Work instruction: Pictures excluded, reproduce exactly the lines below from the one with "แปดปีใต้เงาสวรรค์" through the one with "Автошпионите заснеха обновената", both included.

(Supplied data Opens)

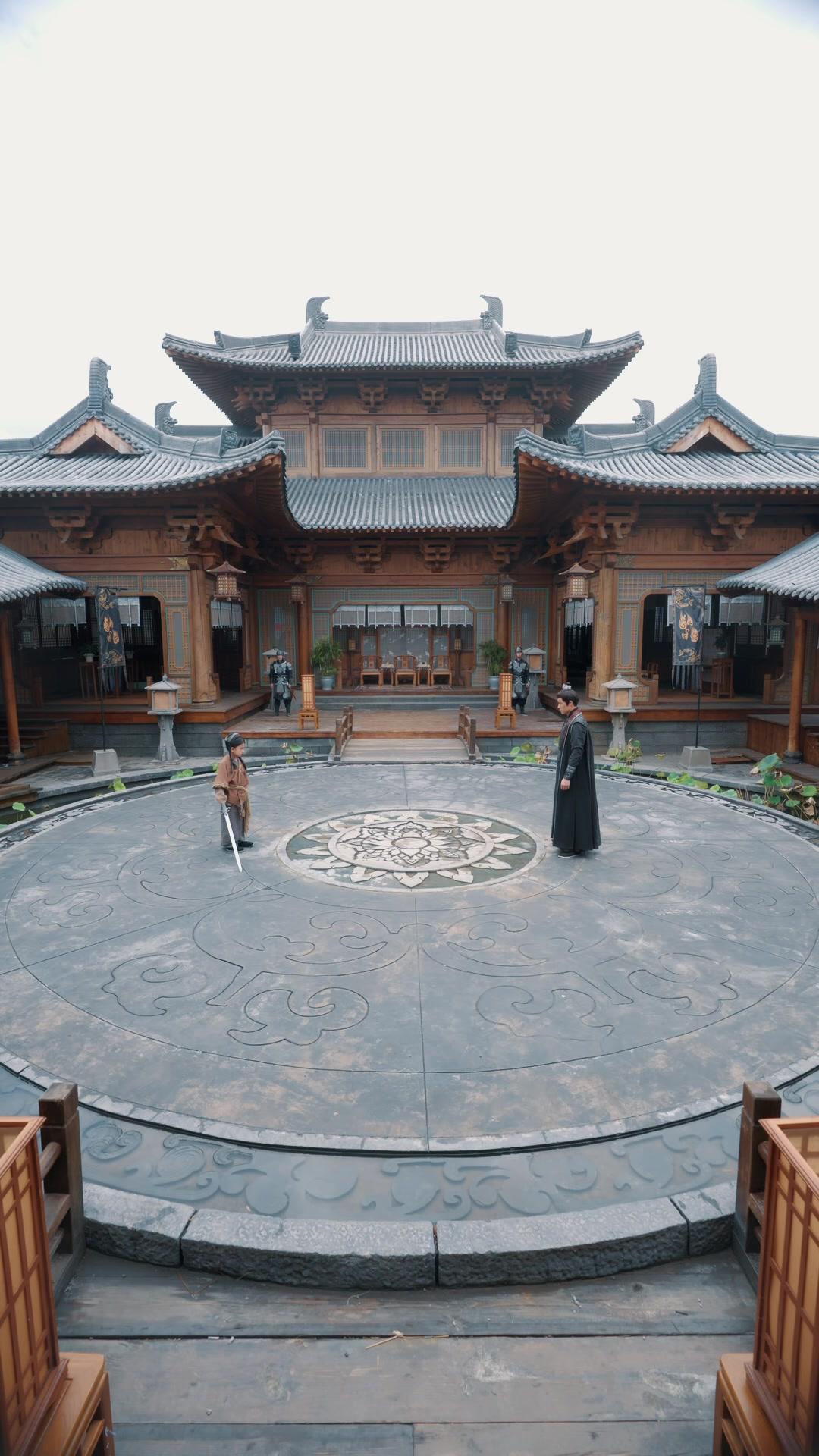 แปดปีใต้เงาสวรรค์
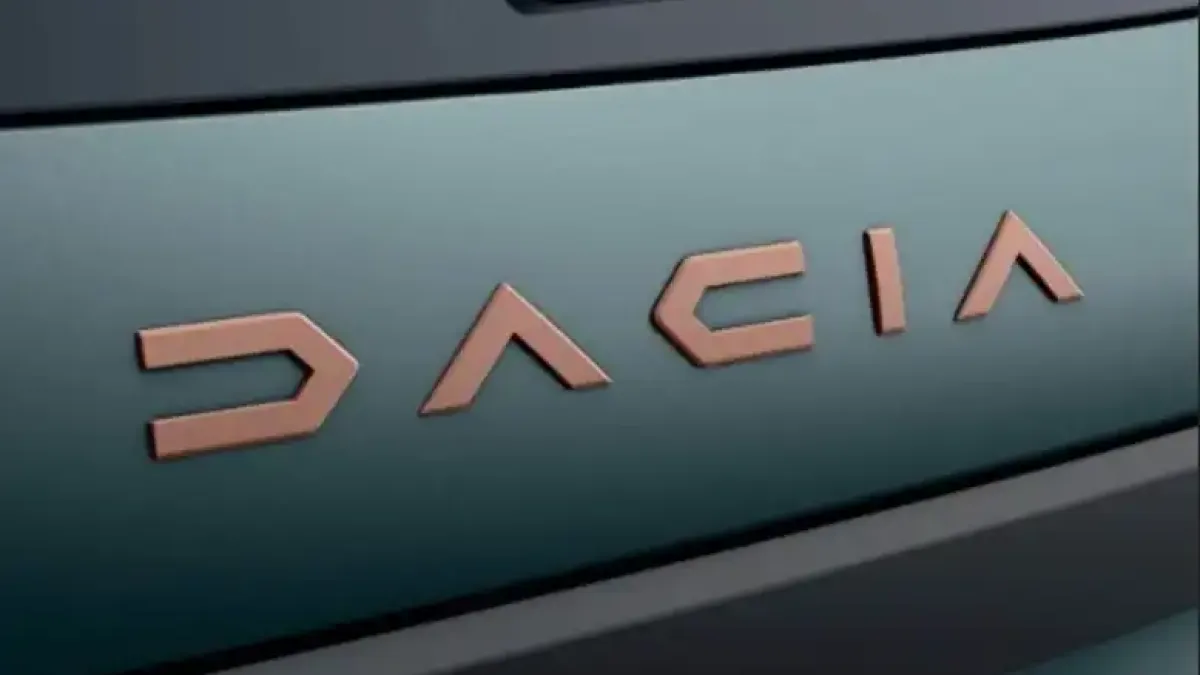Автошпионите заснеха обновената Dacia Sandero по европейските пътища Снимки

(Supplied data Closes)
(Supplied data Opens)

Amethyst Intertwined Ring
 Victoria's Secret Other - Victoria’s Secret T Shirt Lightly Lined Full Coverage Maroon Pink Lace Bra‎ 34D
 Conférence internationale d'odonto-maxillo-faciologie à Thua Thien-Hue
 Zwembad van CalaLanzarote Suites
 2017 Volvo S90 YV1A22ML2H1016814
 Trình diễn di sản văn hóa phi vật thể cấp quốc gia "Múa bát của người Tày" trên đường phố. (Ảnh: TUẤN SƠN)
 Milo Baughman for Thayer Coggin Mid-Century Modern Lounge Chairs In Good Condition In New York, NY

(Supplied data Closes)
(Supplied data Opens)

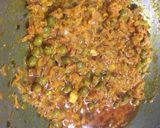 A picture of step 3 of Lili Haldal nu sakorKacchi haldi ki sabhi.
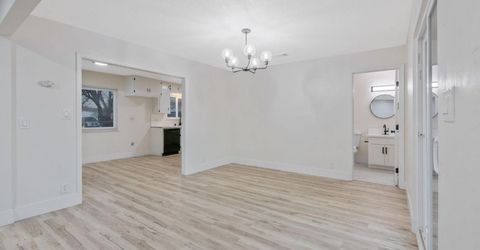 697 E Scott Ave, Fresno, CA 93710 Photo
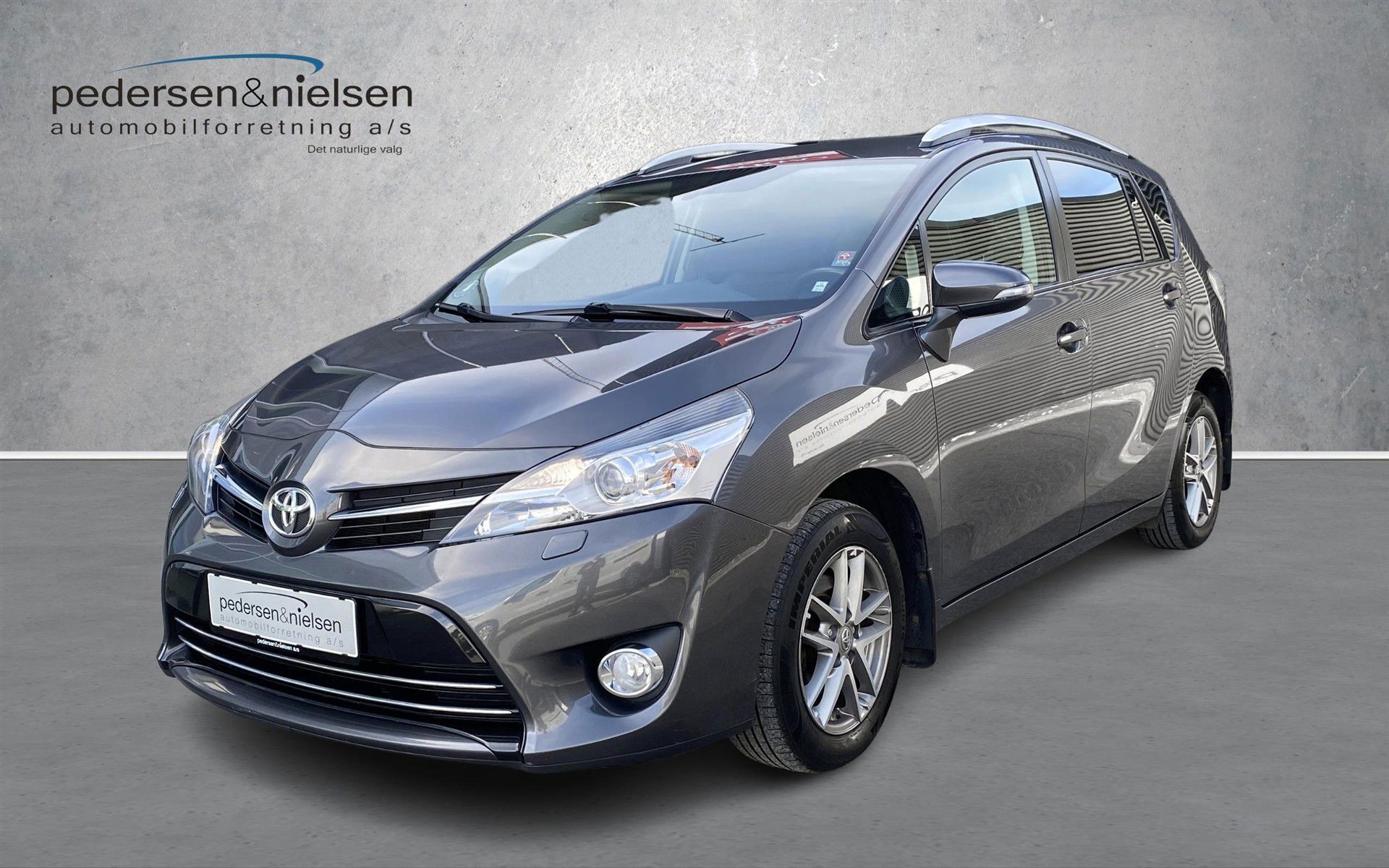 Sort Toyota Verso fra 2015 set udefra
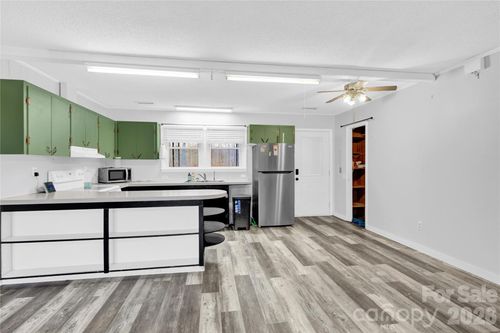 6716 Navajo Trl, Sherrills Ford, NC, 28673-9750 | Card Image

(Supplied data Closes)

Task result:
 แปดปีใต้เงาสวรรค์
Автошпионите заснеха обновената Dacia Sandero по европейските пътища Снимки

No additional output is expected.